Fot. Kazimierz Netka.
Jak unicestwiać społeczności, biorąc na to dotacje z Brukseli…
Kociewie nie istnieje? Kresowianie niczego nie dokonali na rzecz Pomorza? Tak próbuje przekonać PCIT – Pomorskie Centrum Informacji Turystycznej, urządzone za unijne pieniądze. W gablotach dominują publikacje mające w tytułach wyraz: Kaszuby lub podobne O Kociewiu takich wiadomości prawie nie ma. Brakuje też chociażby broszury z wyrazem: Kresowianie w tytule. To stan w południe, 29 kwietnia, 2019 roku, dwa dni przed 15-leciem Polski w Unii Europejskiej.
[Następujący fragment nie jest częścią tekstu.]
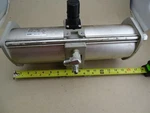 Smc Booster Regulator , VBA40A-T04GN-Z. Fixed Price $249.00.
Unijne pieniądze wykorzystano na urządzenie Pomorskiego Centrum Informacji Turystycznej, po to, by pokazywać największe atrakcje i unikatowe atuty, dorobek kulturowy Polski w tym województwa pomorskiego; Unii Europejskiej. Okazuje się że jest inaczej. Czyżby takich unikatowych atutów w Pomorskiem nie było? Są.
Fot. Kazimierz Netka
Niestety, owe unikaty znajdują się poza terenem Kaszub i być może dlatego się ich w PCIT nie pokazuje. Jeden z bardziej niezwykłych to oryginał Biblii Gutenberga (jednej z pierwszych w Europie ksiąg drukowanych), znajdujący się w mieście Pelplin, na Kociewiu, a reprint można niemal codziennie oglądać w Muzeum Diecezjalnym w Pelplinie, na Kociewiu właśnie. Jeśli już Urząd Marszałkowski, któremu podlega PCIT wstydzi się Kociewiaków, to mógłby przynajmniej umieścić w PCIT wyraźną wiadomość, że Biblia Gutenberga znajduje się w Pomorskiem. O to od dłuższego czasu zabiegał Patryk Demski – gdy był burmistrzem Pelplina. Na jakiś czas, w wyniku tych próśb, umieszczono w PCIT planszę dotyczącą Biblii. Potem wiadomość ta zniknęła. Biblia też? Kociewiacy nie istnieją?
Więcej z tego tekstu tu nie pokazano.